StarStarStarStarStar
SHARE &COMMENT
PREP IN
45 MIN
COOK IN
40 MIN
SERVE
6

Introduction

This family favourite can be frozen in portions and reheated, making it perfect for weekend batch cooking.

Ingredients

  • 750g lean minced beef
  • 2 streaky rashers, finely chopped
  • 1 large onion, finely chopped
  • 3 garlic cloves, crushed
  • 200ml beef stock
  • 1 tin chopped tomatoes
  • 2 tbsp tomato purée
  • 1 tbsp tomato ketchup
  • 1 tsp dried oregano
  • 100g plain flour
  • 100g butter
  • 1.5 litres milk
  • 250g lasagne sheets
  • 75g mozzarella, grated
  • 75g parmesan, grated
  • TO SERVE:
  • Green, leafy salad

Method

  • 1. To make the meat sauce, heat the olive oil in a large pan. Fry the mince in 2 batches, browning well. Remove to a plate and fry the bacon and onion for five minutes, until the onions are softened and the bacon is browned.
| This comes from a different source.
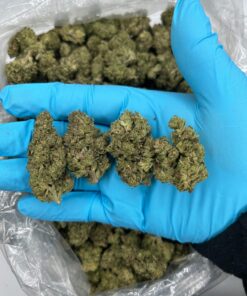 MODIFIED GRAPES (MG) – 450$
Add the garlic and stir for a minute, before adding the beef back into the pan. Pour in the beef stock, tomatoes, tomato purée, ketchup and oregano. Simmer gently for around 30-35 minutes. Preheat the oven to 180ºC/375ºF/gas mark 4. Then leave to one side while you make the bechamel sauce.
  • 2. To make the bechamel sauce, melt the butter in a saucepan and stir in the flour. Stir, over a low heat, for about five minutes, until the flour has cooked through. Slowly incorporate the milk, whisking to avoid lumps. Simmer, until the sauce has thickened, and set aside.
  • 3. Brush the bottom of your lasagne dish with olive oil to avoid the pasta sticking. Place sheets of pasta on the bottom of the dish, follow with a layer of meat sauce, and a layer of bechamel sauce. Repeat until you have used all the sauces and pasta. Top with Cheddar and Parmesan and place in the oven.
  • 4. Cook for 35-40 minutes, until golden and bubbling. Rest the lasagne for at least fifteen minutes before cutting into pieces and serving with a green, leafy salad.